Based upon the foregoing examination, we are of the opinion that: (i) the Shares have been duly authorized, and, (ii) when the Shares have been issued upon full payment for such Shares in accordance with the terms
of the Plan and any awards made under the Plan (and any agreements or certificates issued in accordance with the Plan), such Shares will be validly issued, fully paid and nonassessable.
We express no opinion as to matters governed by laws of any jurisdiction other than the Delaware General Corporation Law. We neither express nor imply any obligation with respect to any other laws or the laws of any other jurisdiction or of the United States.

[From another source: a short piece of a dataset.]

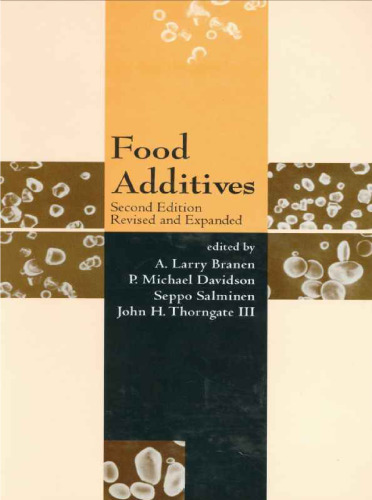 Food Additives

For purposes of this opinion, we assume that the Shares will be issued in compliance with all applicable state securities or blue sky laws.
This opinion letter speaks only as of the date hereof. We assume no obligation to update or supplement this opinion letter if any applicable laws change after the date of this opinion letter or if we become aware after the date of this opinion letter of any facts, whether existing before or first arising after the date hereof, that might change the opinion expressed above.
This opinion letter is furnished in connection with the filing of the Registration Statement and may not be relied upon for any other purpose without our prior written consent in each instance. Further, no portion of this letter may be quoted, circulated or referred to in any other document for any other purpose without our prior written consent.
We hereby consent to the filing of this opinion letter with the Commission in connection with the filing of the Registration Statement referred to above. In giving this consent, we do not admit that we are within the category of persons whose consent is required under Section 7 of the Securities Act or the Rules and Regulations of the Commission issued thereunder.